Thursday, November 26, 2009

Signs of Recovery?

Real estate is showing some early signs of a revival as an attractive investment destination compared to other opportunities like corporate debt, but the equity and debt markets have to open their wallets with more confidence to resume a normal flow of deals. Real estate looks like a better value deal relative to other alternatives than it did six months ago although while debt capital is available, equity investors are still holding back. That phenomenon is not helping the process of deleveraging, or reducing the share of debt in portfolios, that banks and other lenders must undergo before a more normal deal flow can resume-The difference is very few people are writing equity checks to buy property.

The bond markets for investment-grade debt from REITs have also opened up, with issuances totaling $8 billion so far this year. All that has given more confidence to the market participants and propels new opportunities.

Those confidence levels will move to a higher plane only with deleveraging of investment portfolios- banks hold about half the $3.4 trillion in private debt.

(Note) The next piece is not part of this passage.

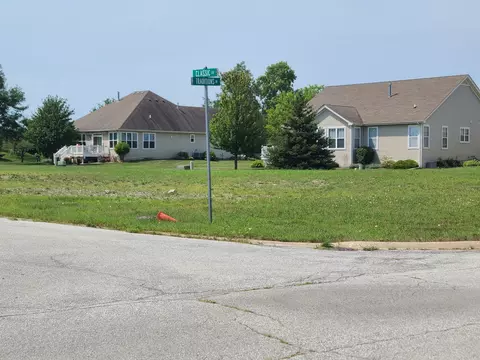 3850 W Traditions Dr, Olympia Fields, IL 60461 photo 9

Another 20% is in the commercial mortgage-backed securities (CMBS) market and the remainder is split between insurance companies and agencies of Fannie Mae, Freddie Mac and the Federal Housing Administration. There is money for new loans; we have more money to invest than we can find the loans for, but the problem is deleveraging as a process is going to take time.

Still, while some glimmers of confidence are returning to some sectors, the positive signs are distributed unevenly. Activity is at "historic lows" among the roughly 600 private market funds that invest in real estate-Few, if any, funds are closing [deals], and managers who have capital are not executing deals-Aggravating that situation: Institutional investors were seeing "dramatic losses" at the end of the second quarter, with the prospect of that continuing.

Insurance companies wrote $40 billion in loans in their peak years -The market needs capital flows from banks and agencies such as Fannie Mae and Freddie Mac, as well as a revival of the CMBS market!

Expect job growth to resume around April 2010, creating nine million jobs over the following three years.The key driver: basic confidence in the economic outlook, just as it has been in earlier recoveries. You're going to get that again because panics are as much psychological as anything else. Housing starts are expected to regain strength to meet the needs of a population increasing by three million people annually.

Interest rates are down and we have normalization of spreads -- which are good things. The housing crisis has in some sense bottomed out, and construction volumes and inventory levels are down, although shadow, or hidden, inventory exists. But it's totally dependent on the federal government.